'''

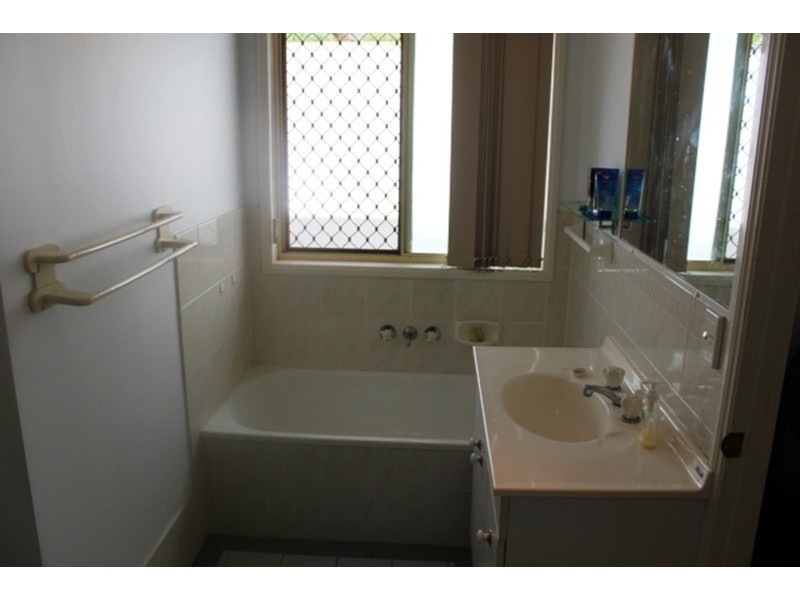 1/39 Binstead Drive, Southport QLD 4215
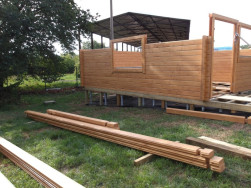 Stavba jednotliv&yacute;ch stěnovnic na sebe navazuje a přesně zapad&aacute; do připraven&yacute;ch z&aacute;řezů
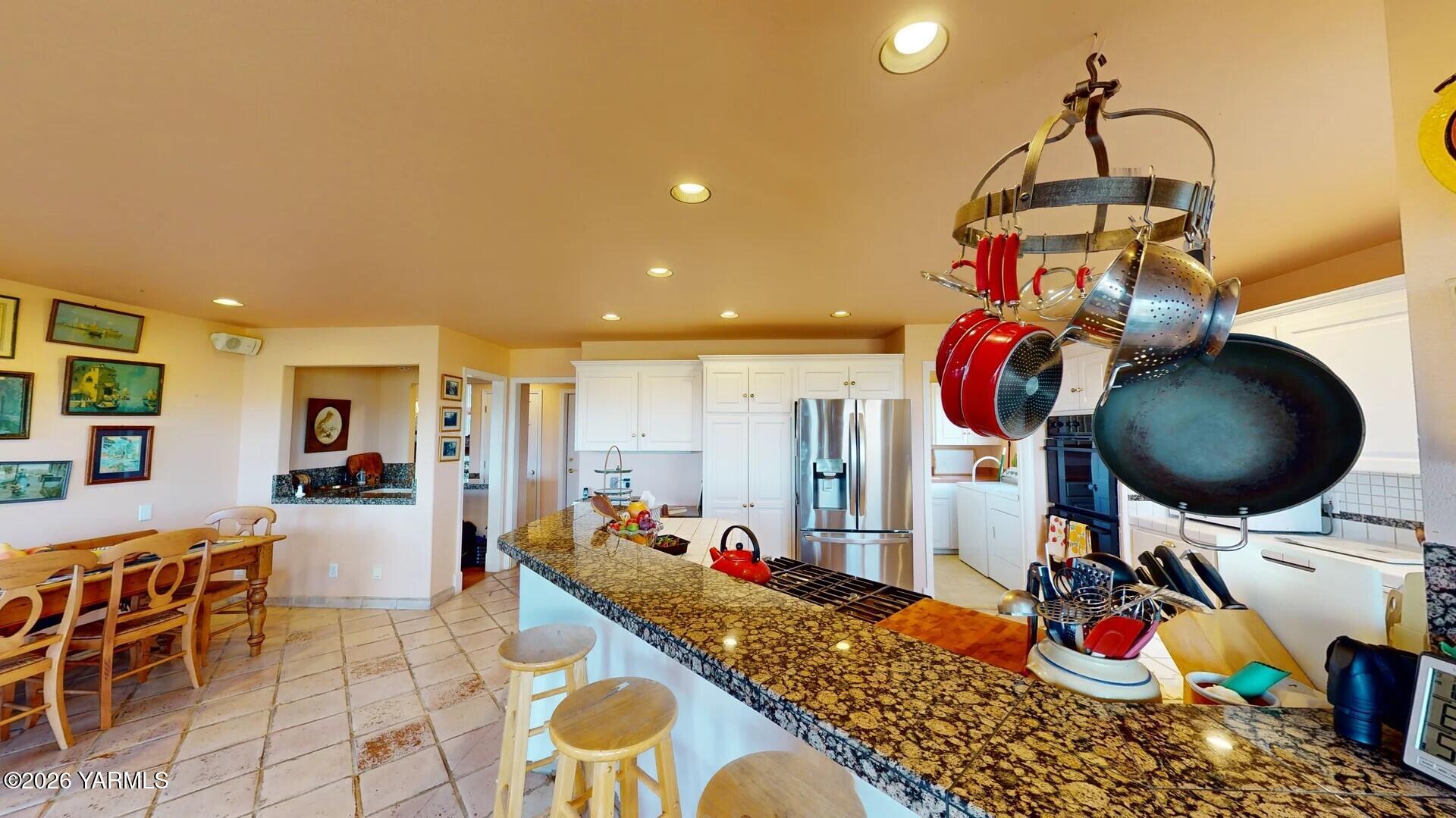 123 N Basalt Springs Way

'''

[What you will do]:
An exact copy of the listing is required, with every image removed.

[Response area]:
 1/39 Binstead Drive, Southport QLD 4215
 Stavba jednotliv&yacute;ch stěnovnic na sebe navazuje a přesně zapad&aacute; do připraven&yacute;ch z&aacute;řezů
 123 N Basalt Springs Way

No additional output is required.